I live in the North Fork Valley of southwestern Colorado, in the small town of Paonia. The North Fork refers to the mighty Gunnison river, which ebbs and flows in varying degrees of tame and wild depending on the season. This community became my home nearly 6 years ago, and I have grown to adore it, land, people, culture and climate. As a reader of my blog, you may have seen posts about my garden, and the surrounding farms last summer, in this special place, of fertile soil and great abundance.
We are in a battle right now, the citizens of Paonia, Hotchkiss and Crawford and surrounding areas – with the BLM about the proposed natural gas and oil drilling land parcels potentially up for sale. When we began this fight, 30,000 plus acres were threatened – parcels of land inked out back in 1989, long before much of the expansion of orchards, farms, vineyards and ranches – schools and public pools had taken place. The original parcels included land on steep rocky slopes, and land surrounding our town’s own drinking water reservoir, included land right NEXT to the school in Hotchkiss and the public pool adjacent to it. Ranches and organic farmland threatened. Many meetings were held that overflowed with citizens against the threat to our health and quality of life. The BLM received thousands of letters, protests; and a contingent of representative residents even went to Washington, DC to meet with our members in Congress. Our environmental groups were organized and persistant. It was – and still is – absolutely outrageous. We gained a victory when the BLM chose to take more time to decide about these lease proposals. The towns were jubilant. I remember rushing up to friends at the post office, hugging and horns honking as the news spread. Until – the results came back on the environmental assessment and only 10,000 acres of the over 30,000 had been eliminated.
DON’T FRACK THE FORK became the area’s rallying cry. It created in us, in me, a deeper sense of love and cherishing of this vital and vibrant place. Personal. Last summer I grew so much food, as you may remember, I jumped in and bought a chest freezer to preserve it. My clients often bring me a dozen eggs – from their own chickens or a friend whose girls are still laying in the dead of winter. I buy goat milk from a local farm and make yogurt and cheese. Friends with orchards laden with fruit invite me to come pick their biodynamic cherries, pears and beautiful apples for free. Local bee keepers sell the marvelous bronze colored wildflower honey.
My dinner tonight was entirely from my harvests this summer and fall. To me, it has become as fantastic as a glamorous plate of ingredients from many lands. Locavore. The Hundred Mile Diet. Sustainable living. Permaculture. These concepts and way of life are WAY big, valued and practiced in this valley where I live.
If I chose, I could buy organic chicken, duck, elk, beef, pork, lamb and goat meat here as well. There are eight wineries within these 20,000 acres of proposed parcels, and one amazing cidery. Brandies and vodka are made nearby. Hops is grown for the award winning beer from Revolution Brewery in town.

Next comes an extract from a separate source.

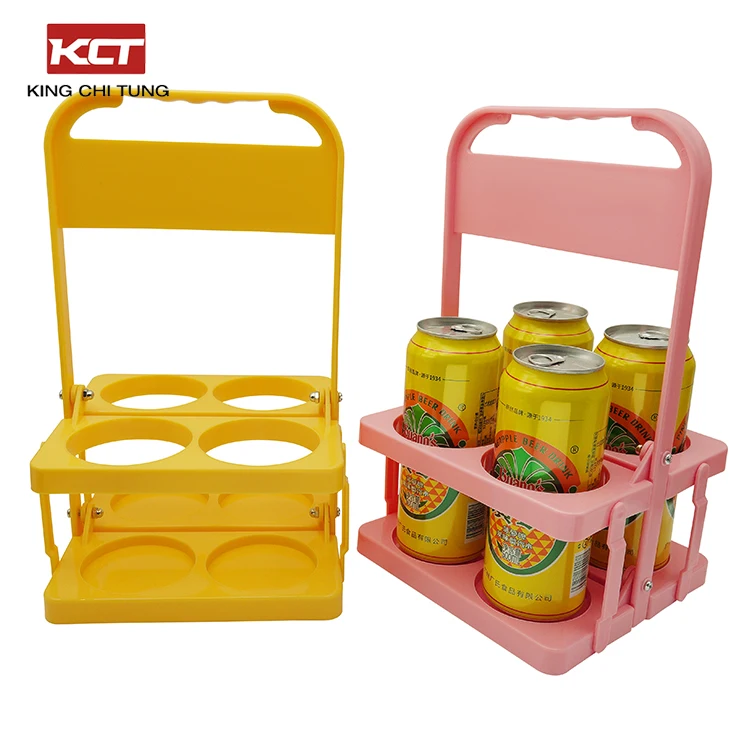 Wine 4 Carriers Holder Plastic Bottles Foldable Drink Juice Soda Beverage Bar Customize Beer Bottle Carrier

Solar Energy International bases it’s company out of Paonia. I could go on and on. I have a fierce and tender love for this place I live, and for the people who live here, and the food I grow and eat. We are still in this fight. The BLM, in a meeting with the Paonia town council last night – say they have a mandate from the federal government to lease so many acres/parcels of land per year for this destructive “development.” It was mind-boggling, to hear a representative from the BLM blandly state that no health risks exist from fracking. It was thrilling then to hear one of our council women retort right back, bold and impassioned, the number of leaks in wells up north in Weld county from fracking accidents. Though this was not a public forum, the council and mayor received a standing ovation at the end of the meeting. The people of our communities – for the most part – are holding strong against it. We know we are just some of the many, many areas who are fighting to preserve this earth. Where our food is grown. Our water flows. Where we work and play. It seems unreal, that we should have to fight for these things. But we have stamina – we are in it for the long haul. To keep this land pure for the present tenants on Pachamama, and for our future generations.